My God, I never stood a chance...
*flustered* Anyway, ah, erm. I'd still love to have you as much of a part of our family as you, um. Ignoring Arthur for the moment. AndobviouslyIcan'tspeakforTeresabut. I'd have you in a, ulp.
But, um, besides that. You'll never be just a third wheel around us. You spent all that time raising my children while I was Satanically impaired... you've almost done more to help them grow than I have. The other day
And right now... I almost think you'd make a better mother for my children than I would.
*even more flustered*
It's just a bit ironic, isn't it? You want children but haven't got any, I've got two and a third on the way without having asked for any of them. I mean, not that I mind having them in the slightest, but I'm only just working out what I'm capable of being, and it does get so difficult handling it all at once...
*deer-in-headlights expression*
oh heavens, I've just had what must be the world's worst possible idea
*puts down HELP off the H in BEHIND*
no subject
Date: 2007-01-10 05:54 am (UTC)I know you would. But I have to consider how things are.
I've helped raise them, but I've never felt like their mother, or that I had the right to be a real parent to them, though I do take care of them, and know they love me.
But when you and Teresa marry and have her child, you'll have a proper family, and much as you may need my help, it won't really be my own family, will it? At best I'd be like the absentee father who gets them on the weekends. Even though you and I would like...

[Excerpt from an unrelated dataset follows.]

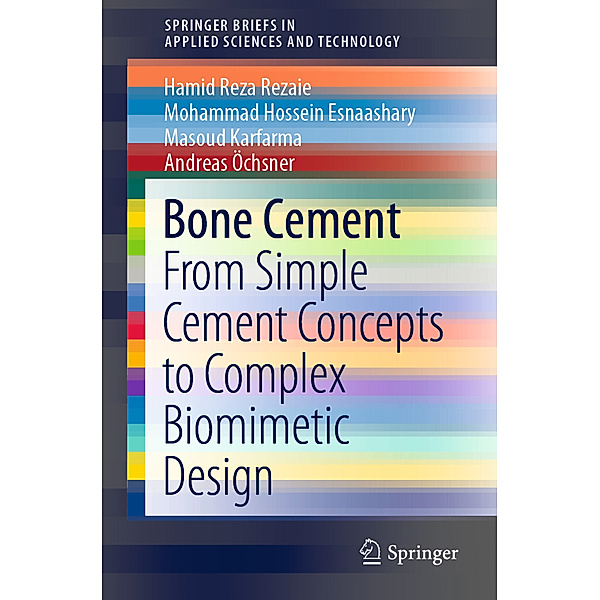 Bone Cement, Hamid Reza Rezaie, Mohammad Hossein Esnaashary, Masoud Karfarma, Andreas Öchsner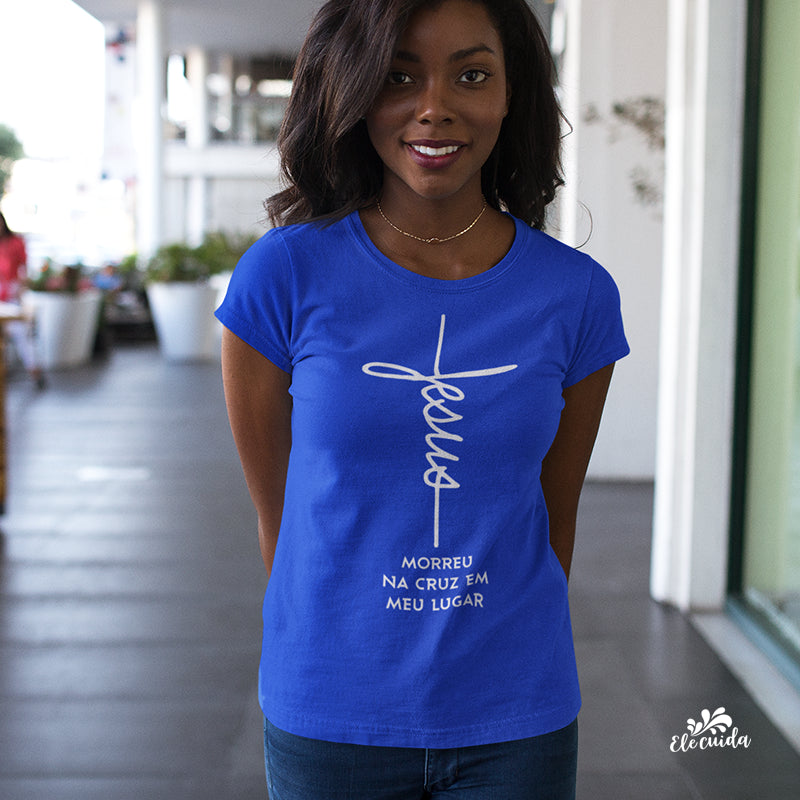 Camiseta Feminina "Jesus Morreu na cruz em meu lugar"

*links HELP and TINGLE with PREGNANT*
Don't worry about feeling overwhemed; you'll always have help, and despite what you may think, I know you're a wonderful parent.
...What idea?
no subject
Date: 2007-01-10 04:00 pm (UTC)I don't know what the answer to that is for me. I didn't so much have a family as an edition. Did I ever mention that I was part of a limited run? Only one batch that year had both the RF antennas and the go-faster stripes on our thighs. I suppose it gave us a sense of kinship.
So for me raising a family is pretty much unprecedented on a species-wide level. I'm not sure quite how it should work for us.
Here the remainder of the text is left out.